Wednesday, 16 December 2015
Poster Hall (Moscone South)
Gabriel T Bromley, University of Wisconsin Madison, Atmospheric and Oceanic Science, Madison, WI, United States
Abstract:
The National Ecological Observatory Network (NEON) will provide data from automated instrument measurements and manual sampling activities. To reliably infer ecosystem driver-response relationships, two contradicting requirements need to be considered: Both types of observations should be representative of the same target area while minimally impacting each other. For this purpose, a simple model was created that determines an optimal area for collocating plot-based manual field sampling activities with respect to the automated measurements.

The maximum and minimum distances of the collocation areas were determined from the instrument source area distribution function in combination with sampling densities and a threshold, respectively. Specifically, the maximum distance was taken as the extent from within which 90% of the value observed by an instrument is sourced. Sampling densities were then generated through virtually distributing activity-specific impact estimates across the instrument source area. The minimum distance was determined as the position closest to the instrument location where the sampling density falls below a threshold that ensures <10% impact on the source area informing the instrument measurements. At most sites, a 30m minimum distance ensured minimal impact of manual field sampling on instrument measurements, however, sensitive sites (e.g., tundra) required a larger minimum distance.

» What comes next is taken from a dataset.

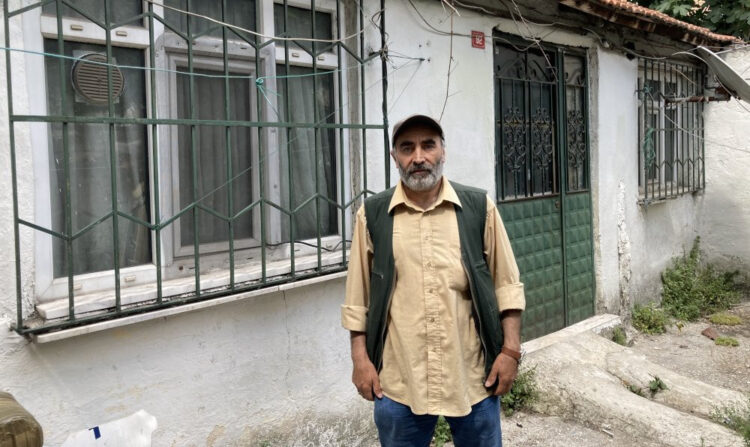 Suları ve elektrikleri kesilen Fetihtepeliler evlerini terk etmiyor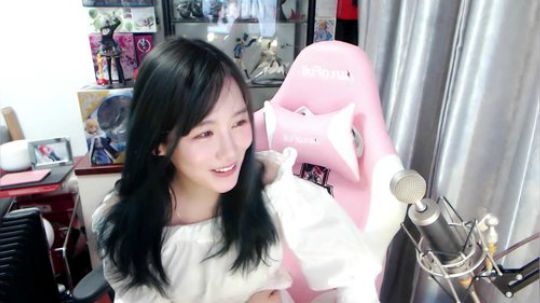 喵老师的圣诞树发布了一个斗鱼视频2019-01-29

To determine how the model responds to uncertainties in its inputs, a numerical sensitivity analysis was conducted based on multivariate error distributions that retain the covariance structure. In 90% of all cases, the model was shown to be robust against 10% (1 σ) deviations in its inputs, continuing to yield a minimum distance of 30 m. For the remaining 10% of all cases, preliminary results suggest a prominent dependence of the minimum distance on climate decomposition index, which we use here as a proxy for the sensitivity of an environment to disturbance.